Promises Without Justice

BB Desk

Follow the Buzz Bytes channel on WhatsApp

For nearly two decades, the National Health Mission (NHM) has been the invisible backbone of Jammu and Kashmir’s fragile healthcare system. In snow-bound villages of Kupwara, conflict-scarred pockets of Kishtwar, and far-flung primary health centres across the Valley and Jammu division, more than 12,000 NHM doctors, paramedics and support staff have carried the state’s medical burden. They stitched wounds during curfews, ran operating theatres at night, and stood firm through pandemics and disasters. Yet in 2026, applause has replaced action—and gratitude has not translated into justice.

These workers perform the same duties as regular government employees: surgeries, emergency response, maternity care, immunisation drives and epidemic control. The difference lies not in responsibility, but in remuneration. While permanent staff enjoy the protections and benefits of the 7th Pay Commission, NHM employees continue to survive on modest contractual packages. A marginal hike in incentives—from 15 to 17 percent, looks insulting in an era of relentless inflation. Equal work, unequal pay is not merely an administrative oversight; it is a moral failure.

Worse is the permanence of their impermanence. Many NHM workers have served for 15 to 20 years, yet remain trapped in contractual limbo—no pension, no promotions, no career progression. They are now in their forties and fifties, still drawing entry-level salaries, watching younger recruits in other cadres overtake them. In 2018, a PDP-BJP government promised phased regularisation and forwarded the proposal to the Finance Department. Eight years later, the file appears buried beneath layers of bureaucratic dust, while 12,000 families live with perpetual uncertainty.

The human cost is mounting.

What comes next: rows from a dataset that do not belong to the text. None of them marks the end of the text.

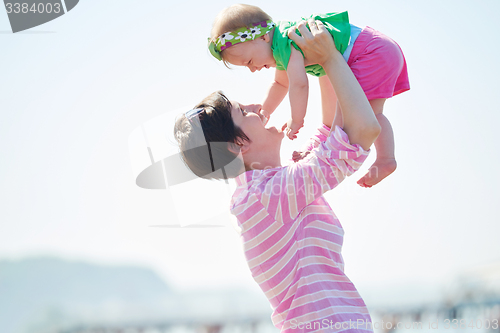 Image of mom and baby on beach  have fun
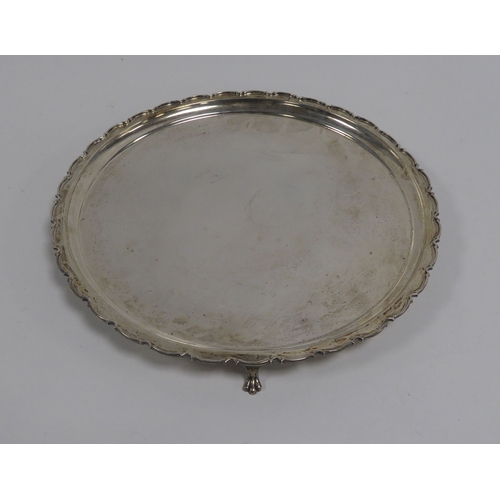 371 - GEORGE VI SILVER SALVER BY HUTTON & SONS, with plain centre, raised border and paw feet, 12” (30... 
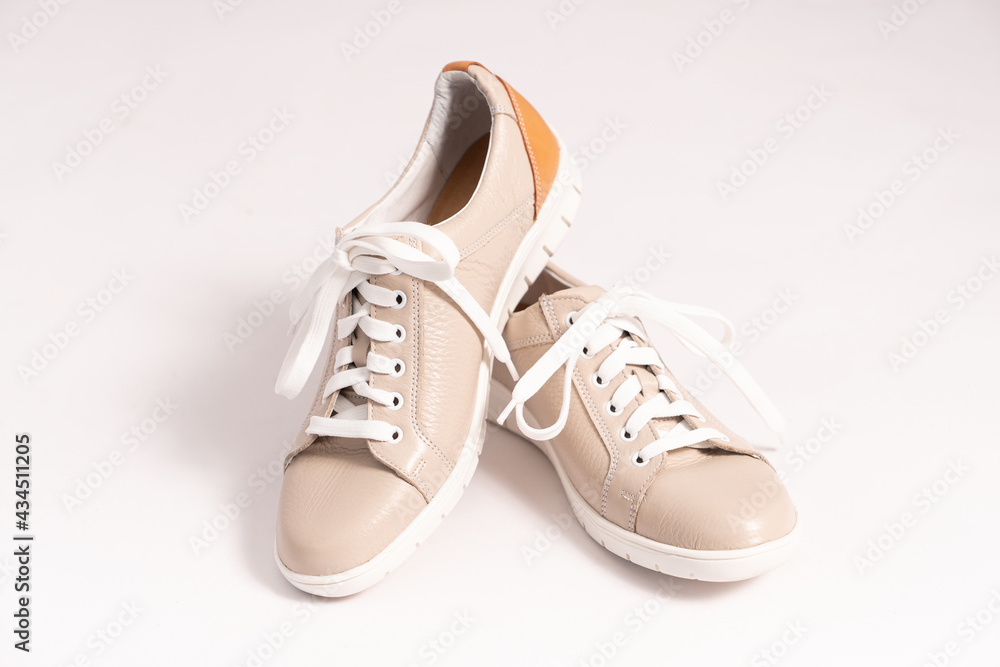 Comfortable sneakers made of beige genuine leather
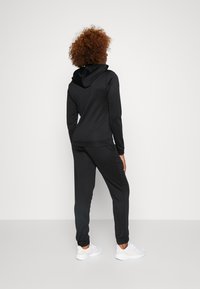 Čierna mikina s kapucňou a súprava na jogu v hladkej, elastickej tkanine. Obsahuje podšívku kapucne a elastický pás a manžety. Nosené s bielymi športovými topánkami.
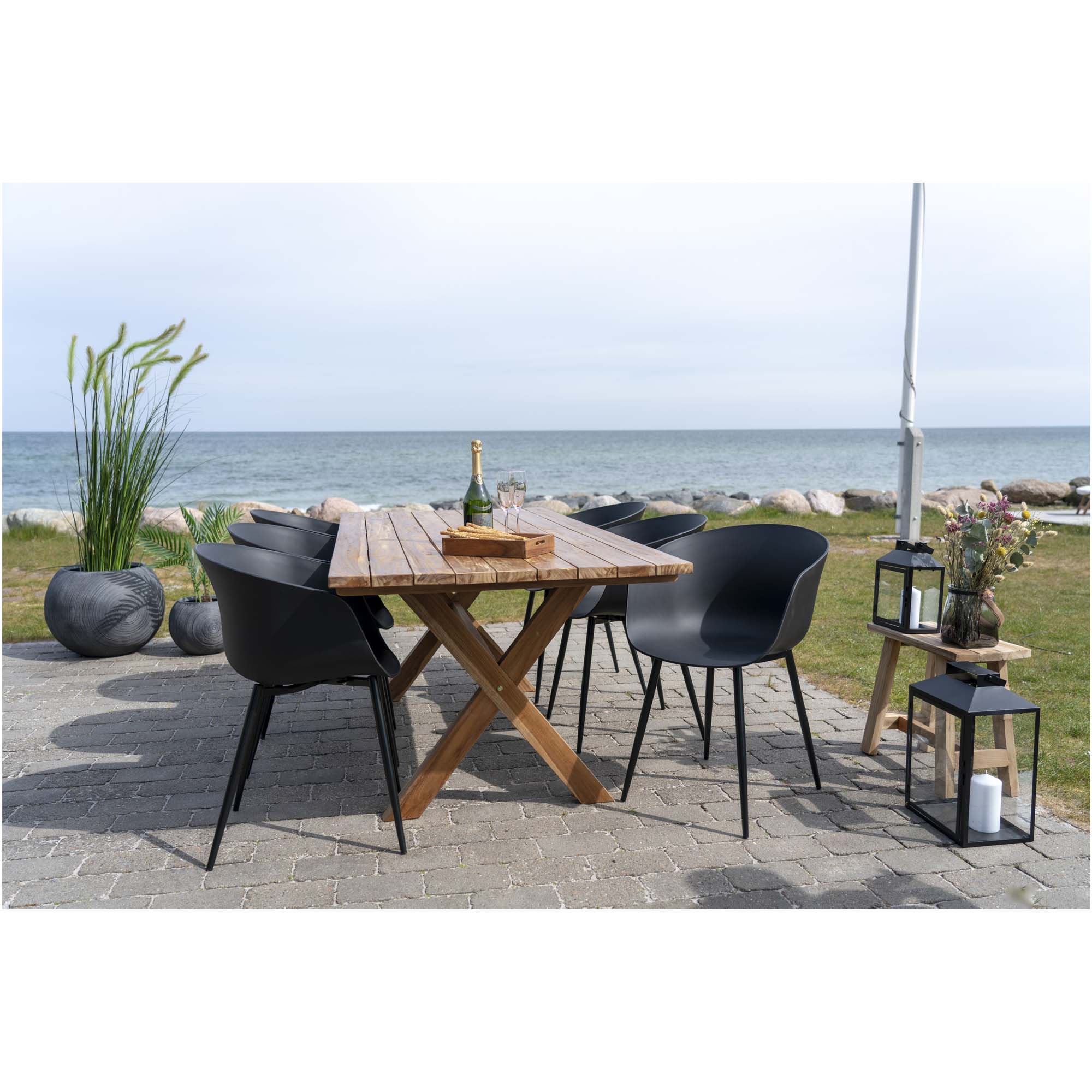 Lot de chaises Roda noires autour d'une table en teck terrasse bord de mer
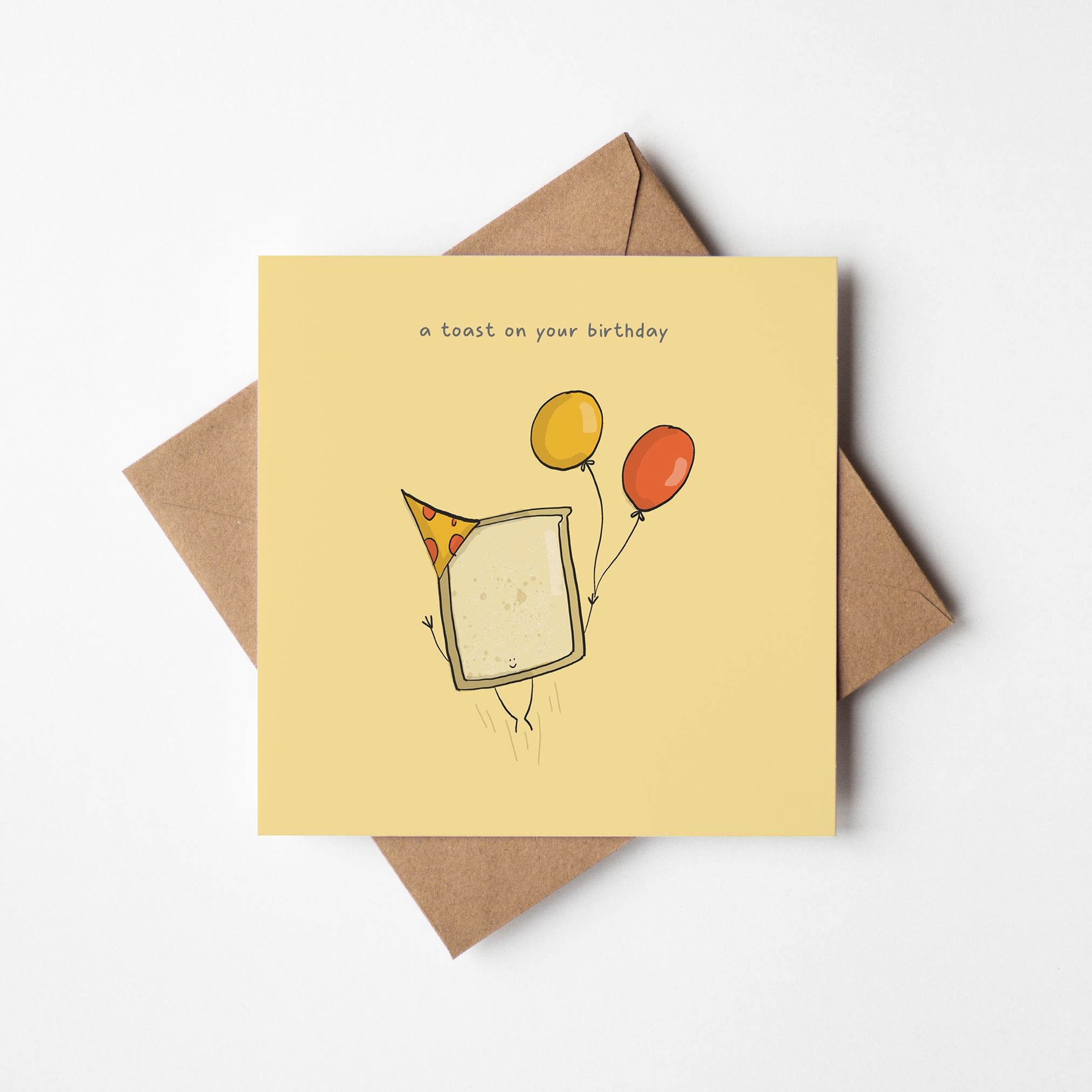 Toast On Your Birthday greeting card showing cute illustrated toast character with birthday message on white card"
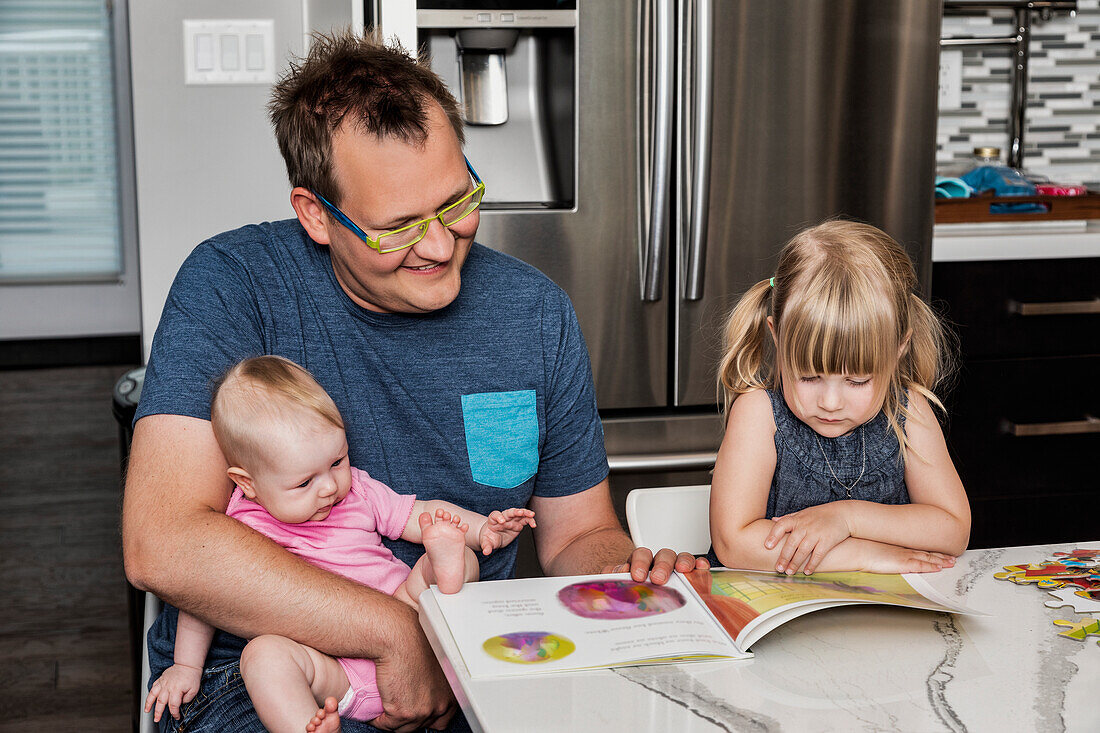 A father sitting down with his daughter in the kitchen to read a book and build a puzzle while holding his baby in his lap: Edmonton, Alberta, Canada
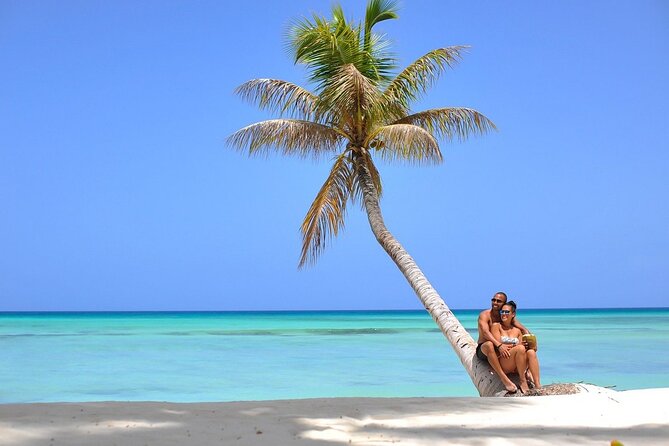 Saône Island from Punta Cana Catamaran, Natural Pool and Lunch - Catamaran Going Out: Music, Drinks, and Group Energy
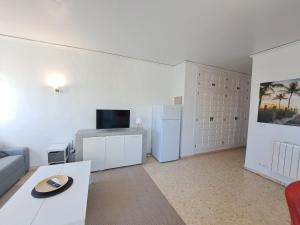 a living room with a couch and a refrigerator at Appartement El Palmar Denia in Denia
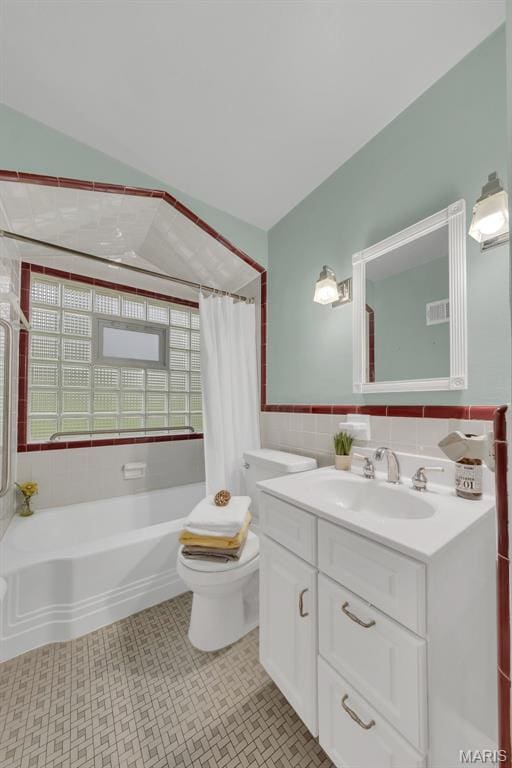 full bath featuring toilet, shower / bath combo, vanity, and tile walls
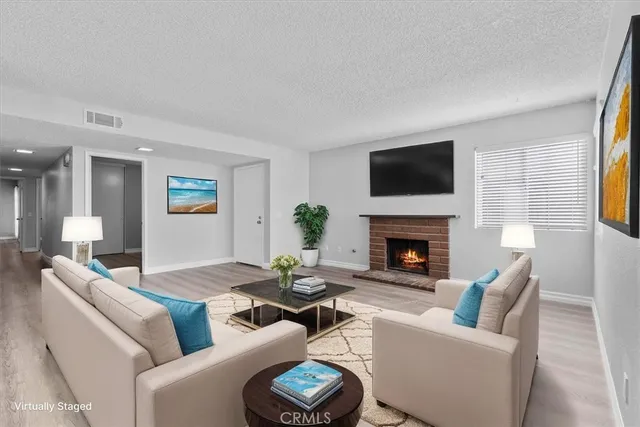 a living room with furniture a fireplace and a flat screen tv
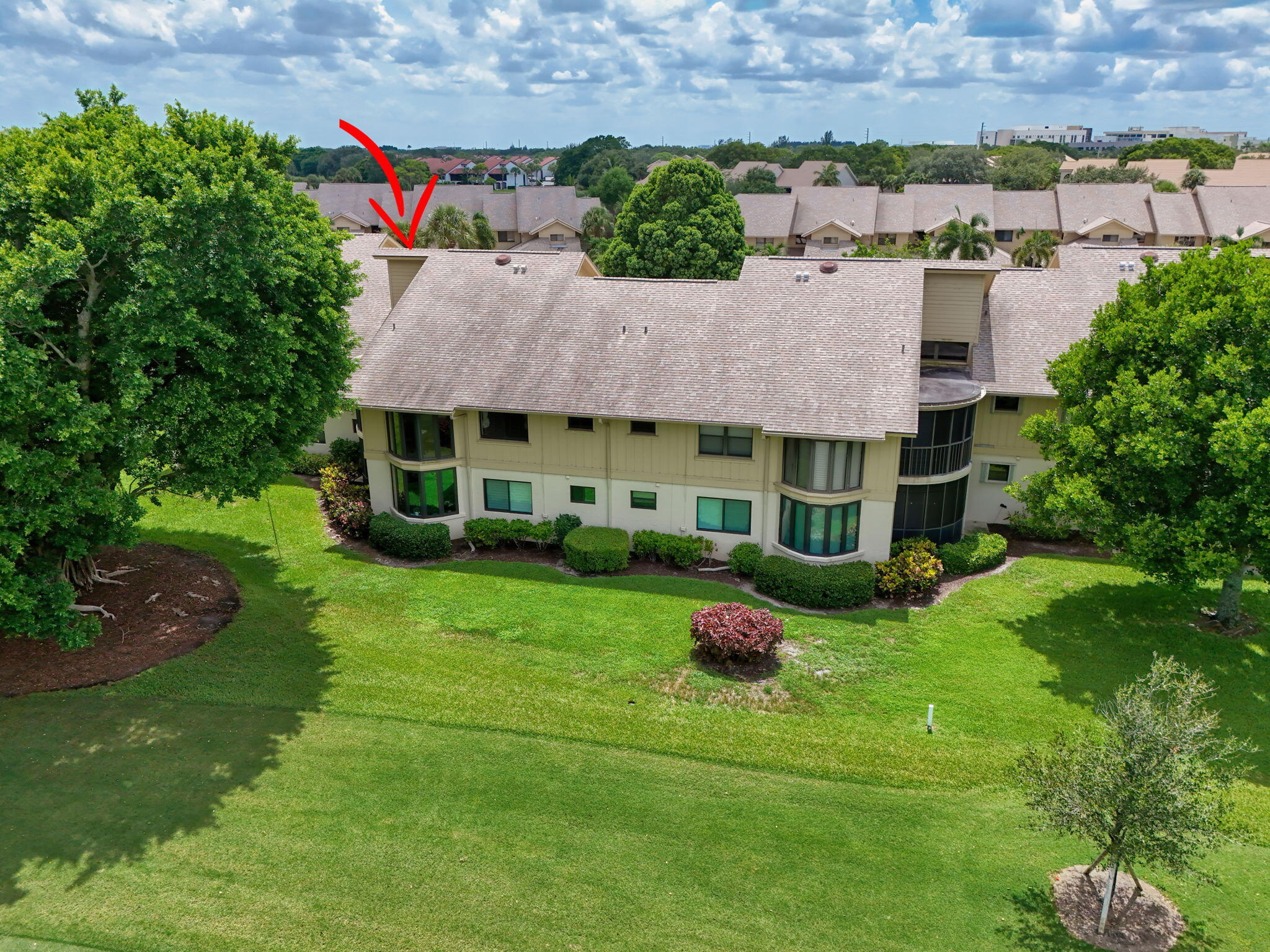 16942 Waterbend Drive, Unit 258 Jupiter, FL 33477 - Photo 25 of 33 a aerial view of a house with swimming pool and a yard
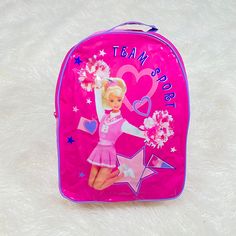 a pink backpack with a barbie doll on the front and stars in the back that says, tasty day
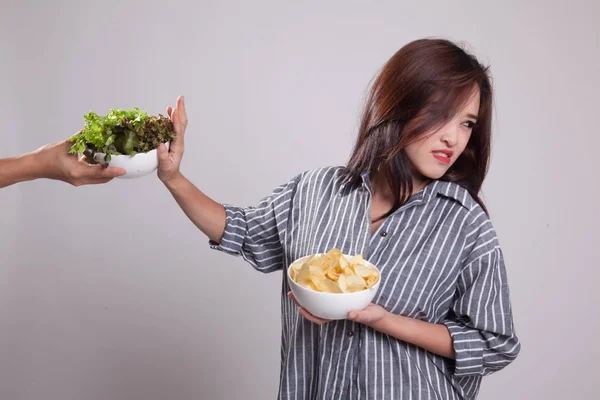 Ung asiatisk kvinna med potatischips säga nej till sallad. — Stockfoto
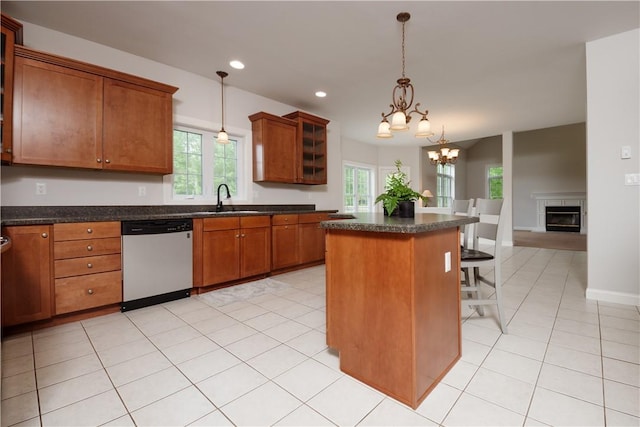 kitchen featuring dishwasher, a center island, sink, decorative light fixtures, and a chandelier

With no formal transfer policy, staff—particularly women—are posted hundreds of kilometres from home for years on end. Burnout is rampant; morale is crumbling. Technical objections and procedural excuses have become convenient shields for inaction, even as the administration publicly celebrates health indicators that these very workers made possible.

The way forward is neither radical nor unaffordable. Implement the long-pending 2018 regularisation plan in phases. Align NHM salaries with at least the minimum scale of regular employees, in line with the Supreme Court’s Jagjit Singh judgment on equal pay for equal work. Introduce a “Senior” category after ten years of service, with enhanced roles and remuneration. Frame humane transfer policies for veterans and those with family or medical compulsions.

A government cannot claim to strengthen healthcare while allowing its frontline workforce to languish in anxiety and neglect. Two decades of service demand more than certificates and speeches. They demand dignity, security—and justice long overdue.